Young family left homeless in hot housing market

For the past week, Morgan Besant and his family have been living in a house, but it's a house they don't consider a home.

Morgan Besant

Morgan Besant

For the past week, Morgan Besant and his family have been living in a house, but it’s a house they don’t consider a home.

The family was recently kicked out of a house on Robertson Street in Fairfield, following a weeks-long battle with the owner.

It’s a situation Besant, his wife Jade and eight-year-old daughter Ellery never imagined they would be in, in a million years.

It all began in June, when the landlord of the Fairfield duplex the family had lived in for the past 13 years decided to sell. With Victoria’s vacancy rate sitting at roughly 0.6 per cent, Besant knew it would be difficult to find a place to rent that was affordable, could accommodate both his family and his father, who was going through health problems, and was in the same neighbourhood so his daughter wouldn’t be uprooted from her school and friends.

After searching for weeks, desperately trying to find a house that would fit the bill, Besant, a landscaper by trade, met a man who offered to let him stay in a three-storey, four bedroom plus den, 1906 Victorian home he had recently purchased as a holding property in Fairfield.

“We thought this could be the answer we had been looking for,” said Besant, noting there were a number of major renovations that the owner said would be complete by the Nov. 19 move in date.

Shortly after, they signed a lease and Besant packed up his family’s belongings and was ready to move into the home. But on the move in day, he entered the house and was shocked by what he saw.
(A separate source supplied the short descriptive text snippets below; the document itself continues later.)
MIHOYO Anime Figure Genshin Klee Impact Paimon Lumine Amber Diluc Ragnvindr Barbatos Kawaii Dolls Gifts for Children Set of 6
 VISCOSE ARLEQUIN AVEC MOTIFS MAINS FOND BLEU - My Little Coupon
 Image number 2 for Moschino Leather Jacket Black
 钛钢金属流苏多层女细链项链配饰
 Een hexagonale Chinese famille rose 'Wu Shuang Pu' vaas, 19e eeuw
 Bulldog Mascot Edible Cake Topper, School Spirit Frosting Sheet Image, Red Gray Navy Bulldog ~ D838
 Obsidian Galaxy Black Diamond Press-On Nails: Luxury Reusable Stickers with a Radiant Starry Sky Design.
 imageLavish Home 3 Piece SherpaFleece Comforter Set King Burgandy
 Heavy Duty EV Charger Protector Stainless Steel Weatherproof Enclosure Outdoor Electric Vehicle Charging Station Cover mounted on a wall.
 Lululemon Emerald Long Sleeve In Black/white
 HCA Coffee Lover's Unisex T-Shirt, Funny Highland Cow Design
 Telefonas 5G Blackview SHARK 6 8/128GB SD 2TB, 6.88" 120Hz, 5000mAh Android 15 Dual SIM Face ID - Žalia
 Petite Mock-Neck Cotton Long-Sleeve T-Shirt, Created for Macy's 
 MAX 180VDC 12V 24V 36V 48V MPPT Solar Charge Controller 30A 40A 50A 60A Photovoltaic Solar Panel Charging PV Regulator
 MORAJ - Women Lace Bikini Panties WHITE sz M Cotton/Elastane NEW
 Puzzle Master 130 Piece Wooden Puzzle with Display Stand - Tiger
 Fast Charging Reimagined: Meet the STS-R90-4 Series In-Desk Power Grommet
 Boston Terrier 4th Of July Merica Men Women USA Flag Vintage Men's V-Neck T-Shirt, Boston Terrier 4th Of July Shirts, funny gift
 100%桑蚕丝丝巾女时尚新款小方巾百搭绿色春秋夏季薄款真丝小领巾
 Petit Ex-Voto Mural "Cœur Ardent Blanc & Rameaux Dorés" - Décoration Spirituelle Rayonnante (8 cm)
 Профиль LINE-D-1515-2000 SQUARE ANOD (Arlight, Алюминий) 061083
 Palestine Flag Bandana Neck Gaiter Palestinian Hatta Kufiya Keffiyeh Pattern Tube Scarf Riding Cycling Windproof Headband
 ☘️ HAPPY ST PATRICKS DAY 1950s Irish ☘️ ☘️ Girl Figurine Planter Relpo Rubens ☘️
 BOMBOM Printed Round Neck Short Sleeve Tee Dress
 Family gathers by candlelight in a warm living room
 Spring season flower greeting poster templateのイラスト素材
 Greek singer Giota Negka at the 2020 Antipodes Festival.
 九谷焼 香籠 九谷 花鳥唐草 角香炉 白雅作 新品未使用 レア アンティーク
The house was uninhabitable, according to Besant. None of the rooms were done to completion, the floors of the upstairs rooms had been torn up and only partially floored and painted, there was construction debris both inside and outside the house, there were no fixtures in the upstairs bathroom and the bathtub was in what was to be his daughter’s room.

“I was shocked with the condition,” Besant said.

Besant moved his father’s belongings into the shed on the property, as well as his plants, while his family moved into a friend’s place until the renovations were to be complete.

A few days later, Besant met with the owner, who served him an unofficial letter, which said since the family didn’t move in on the agreed date, and did not pay him rent or a damage deposit, that constituted a break in the tenancy agreement and that the tenancy had ended. However, when Besant signed the initial tenancy agreement, he said the owner assured him he didn’t have to pay a damage deposit until 2017.

For now, the family is staying with a friend in Fernwood and has plans to move into a neighbour’s house, who’s going on vacation for a week-and-a-half. They’ve looked at dozens of houses in the last week, but haven’t found anything they can afford.

Besant hopes his story will act as a cautionary tale to renters hoping to changing their living situations.

“It’s a bit of a warning to others to think very hard about this situation and where they’re currently in, in terms of what the prospects are out there,” Besant said.

Besant plans to take the owner to arbitration and apply for an order of possession for the house to allow them to move in.

An online fundraising campaign has since been started by a friend to support the family. As of Monday, more than $3,300 has been raised.